● **Your objective**: There is one span to output from the data below: the lines starting at the line with "At this time" and ending at the line with "Then you'll use". Output it exactly, ends included, nothing more.

● **Supplied material**:

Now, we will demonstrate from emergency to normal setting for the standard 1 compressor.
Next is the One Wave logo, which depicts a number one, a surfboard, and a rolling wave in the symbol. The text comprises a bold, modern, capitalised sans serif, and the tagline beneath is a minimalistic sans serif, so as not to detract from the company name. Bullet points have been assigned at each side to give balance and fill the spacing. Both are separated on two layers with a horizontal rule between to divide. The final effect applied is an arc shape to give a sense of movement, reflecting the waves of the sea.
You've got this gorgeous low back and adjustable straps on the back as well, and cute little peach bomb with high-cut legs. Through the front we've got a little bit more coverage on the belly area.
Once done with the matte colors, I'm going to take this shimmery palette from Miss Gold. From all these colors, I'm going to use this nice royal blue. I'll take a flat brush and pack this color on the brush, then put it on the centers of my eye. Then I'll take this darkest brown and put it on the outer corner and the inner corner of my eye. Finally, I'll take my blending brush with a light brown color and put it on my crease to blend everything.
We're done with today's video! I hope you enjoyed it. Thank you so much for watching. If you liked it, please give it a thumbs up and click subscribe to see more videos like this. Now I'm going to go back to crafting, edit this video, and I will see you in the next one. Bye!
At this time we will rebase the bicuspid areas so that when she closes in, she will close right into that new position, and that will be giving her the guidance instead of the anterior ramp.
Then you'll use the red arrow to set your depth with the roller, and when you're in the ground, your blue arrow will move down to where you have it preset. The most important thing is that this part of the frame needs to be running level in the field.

...

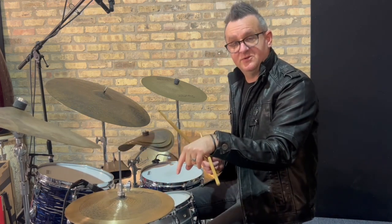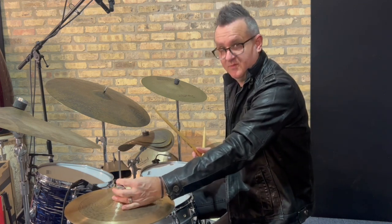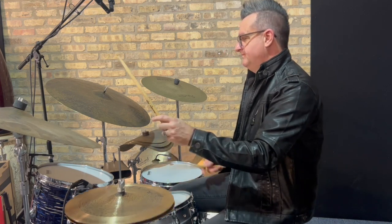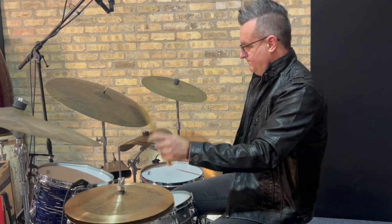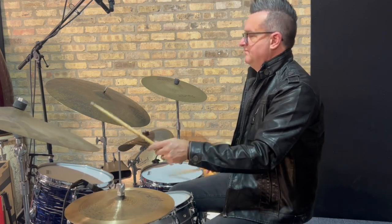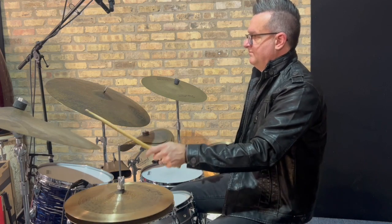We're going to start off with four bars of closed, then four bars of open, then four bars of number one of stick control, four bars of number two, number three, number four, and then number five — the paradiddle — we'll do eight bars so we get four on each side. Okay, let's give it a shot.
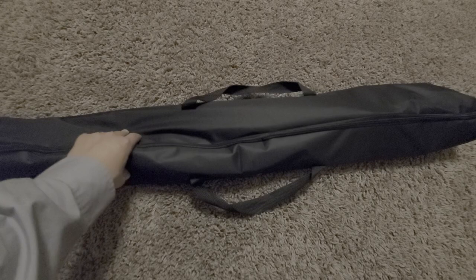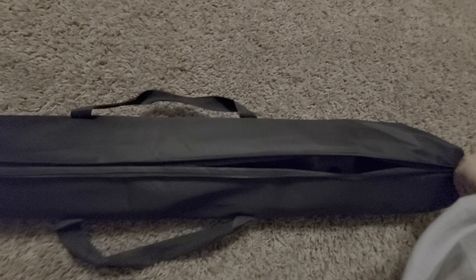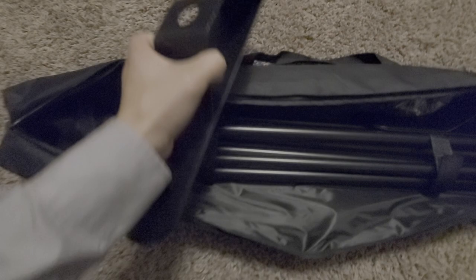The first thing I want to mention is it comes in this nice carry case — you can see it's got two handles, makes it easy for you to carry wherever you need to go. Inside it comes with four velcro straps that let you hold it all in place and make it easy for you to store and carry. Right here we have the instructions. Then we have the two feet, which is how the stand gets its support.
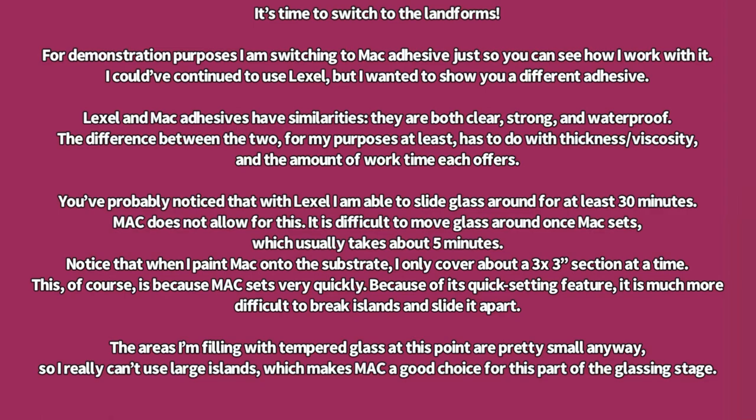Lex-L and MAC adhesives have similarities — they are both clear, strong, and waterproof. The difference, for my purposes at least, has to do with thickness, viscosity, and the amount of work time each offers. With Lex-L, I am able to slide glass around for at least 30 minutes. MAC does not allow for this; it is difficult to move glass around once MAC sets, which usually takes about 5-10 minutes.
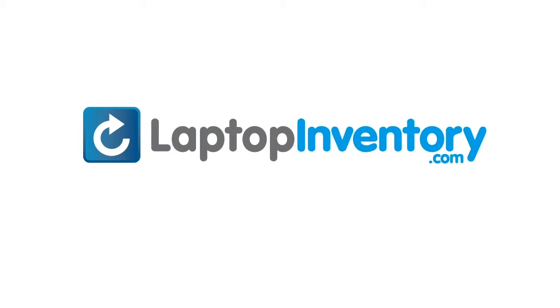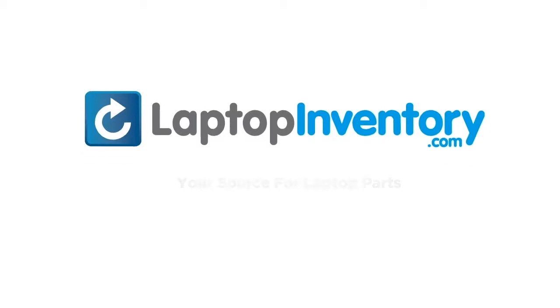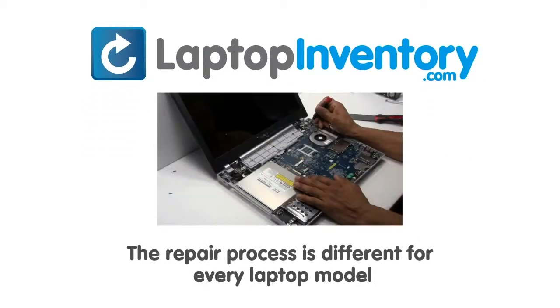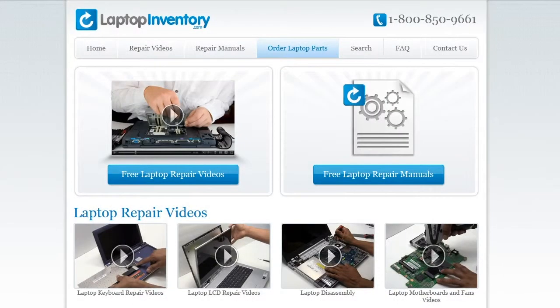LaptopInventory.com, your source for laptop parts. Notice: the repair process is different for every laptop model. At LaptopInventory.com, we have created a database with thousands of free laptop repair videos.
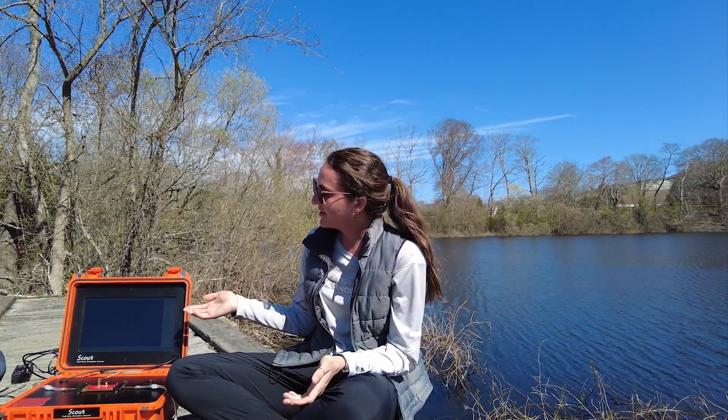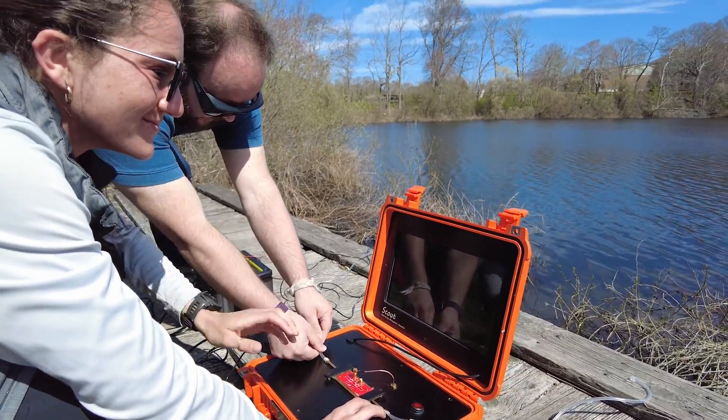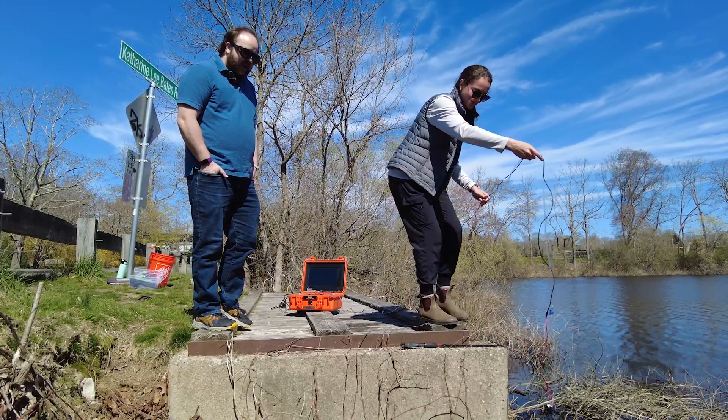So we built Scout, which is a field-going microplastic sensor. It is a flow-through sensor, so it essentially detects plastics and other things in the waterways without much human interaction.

● **Reply to the task**:
At this time we will rebase the bicuspid areas so that when she closes in, she will close right into that new position, and that will be giving her the guidance instead of the anterior ramp.
Then you'll use the red arrow to set your depth with the roller, and when you're in the ground, your blue arrow will move down to where you have it preset. The most important thing is that this part of the frame needs to be running level in the field.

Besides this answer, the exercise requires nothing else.